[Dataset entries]

------------------------------

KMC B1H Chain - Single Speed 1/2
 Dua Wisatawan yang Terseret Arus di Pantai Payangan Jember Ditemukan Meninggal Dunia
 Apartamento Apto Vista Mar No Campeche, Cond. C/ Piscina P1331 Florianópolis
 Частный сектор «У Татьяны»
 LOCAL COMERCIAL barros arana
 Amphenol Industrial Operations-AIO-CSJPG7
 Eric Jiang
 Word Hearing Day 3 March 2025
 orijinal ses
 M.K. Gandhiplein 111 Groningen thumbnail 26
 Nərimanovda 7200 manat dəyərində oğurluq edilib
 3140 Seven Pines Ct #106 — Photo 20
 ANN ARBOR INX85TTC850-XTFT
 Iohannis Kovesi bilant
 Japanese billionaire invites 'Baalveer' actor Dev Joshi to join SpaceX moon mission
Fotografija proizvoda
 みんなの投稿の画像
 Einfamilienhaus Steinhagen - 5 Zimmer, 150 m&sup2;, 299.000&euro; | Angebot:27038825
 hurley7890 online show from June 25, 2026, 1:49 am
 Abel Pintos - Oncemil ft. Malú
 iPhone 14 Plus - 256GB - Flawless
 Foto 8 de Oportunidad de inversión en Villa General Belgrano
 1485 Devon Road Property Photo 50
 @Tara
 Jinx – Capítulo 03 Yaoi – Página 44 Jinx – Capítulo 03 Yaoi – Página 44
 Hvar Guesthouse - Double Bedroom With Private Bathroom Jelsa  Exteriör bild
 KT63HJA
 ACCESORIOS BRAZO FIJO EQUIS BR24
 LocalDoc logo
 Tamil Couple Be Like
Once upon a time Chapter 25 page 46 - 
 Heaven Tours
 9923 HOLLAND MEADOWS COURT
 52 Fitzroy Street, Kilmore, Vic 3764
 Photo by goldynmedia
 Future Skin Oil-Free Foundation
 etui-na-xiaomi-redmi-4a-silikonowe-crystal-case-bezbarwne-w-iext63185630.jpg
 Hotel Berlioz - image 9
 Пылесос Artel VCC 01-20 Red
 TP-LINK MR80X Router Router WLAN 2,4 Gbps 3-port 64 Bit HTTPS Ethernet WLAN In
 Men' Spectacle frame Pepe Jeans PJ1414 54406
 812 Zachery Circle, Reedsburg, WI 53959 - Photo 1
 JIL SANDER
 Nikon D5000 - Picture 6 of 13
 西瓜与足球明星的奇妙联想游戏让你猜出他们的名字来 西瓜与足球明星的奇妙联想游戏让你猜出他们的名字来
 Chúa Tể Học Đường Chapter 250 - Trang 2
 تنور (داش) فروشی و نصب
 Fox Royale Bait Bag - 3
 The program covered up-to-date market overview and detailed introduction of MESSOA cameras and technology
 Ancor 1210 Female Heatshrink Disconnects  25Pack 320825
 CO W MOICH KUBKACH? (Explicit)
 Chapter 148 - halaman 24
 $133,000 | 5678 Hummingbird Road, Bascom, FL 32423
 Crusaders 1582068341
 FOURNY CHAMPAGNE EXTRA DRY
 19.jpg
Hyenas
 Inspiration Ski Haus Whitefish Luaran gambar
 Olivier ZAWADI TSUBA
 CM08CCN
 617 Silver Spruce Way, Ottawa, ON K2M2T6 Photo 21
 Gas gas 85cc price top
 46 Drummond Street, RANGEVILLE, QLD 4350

------------------------------

### Your goal
Every line from the one that holds "TP-LINK MR80X Router" to the end of the data above should be given again exactly, with that line and the last one both kept.

### Task output
 TP-LINK MR80X Router Router WLAN 2,4 Gbps 3-port 64 Bit HTTPS Ethernet WLAN In
 Men' Spectacle frame Pepe Jeans PJ1414 54406
 812 Zachery Circle, Reedsburg, WI 53959 - Photo 1
 JIL SANDER
 Nikon D5000 - Picture 6 of 13
 西瓜与足球明星的奇妙联想游戏让你猜出他们的名字来 西瓜与足球明星的奇妙联想游戏让你猜出他们的名字来
 Chúa Tể Học Đường Chapter 250 - Trang 2
 تنور (داش) فروشی و نصب
 Fox Royale Bait Bag - 3
 The program covered up-to-date market overview and detailed introduction of MESSOA cameras and technology
 Ancor 1210 Female Heatshrink Disconnects  25Pack 320825
 CO W MOICH KUBKACH? (Explicit)
 Chapter 148 - halaman 24
 $133,000 | 5678 Hummingbird Road, Bascom, FL 32423
 Crusaders 1582068341
 FOURNY CHAMPAGNE EXTRA DRY
 19.jpg
Hyenas
 Inspiration Ski Haus Whitefish Luaran gambar
 Olivier ZAWADI TSUBA
 CM08CCN
 617 Silver Spruce Way, Ottawa, ON K2M2T6 Photo 21
 Gas gas 85cc price top
 46 Drummond Street, RANGEVILLE, QLD 4350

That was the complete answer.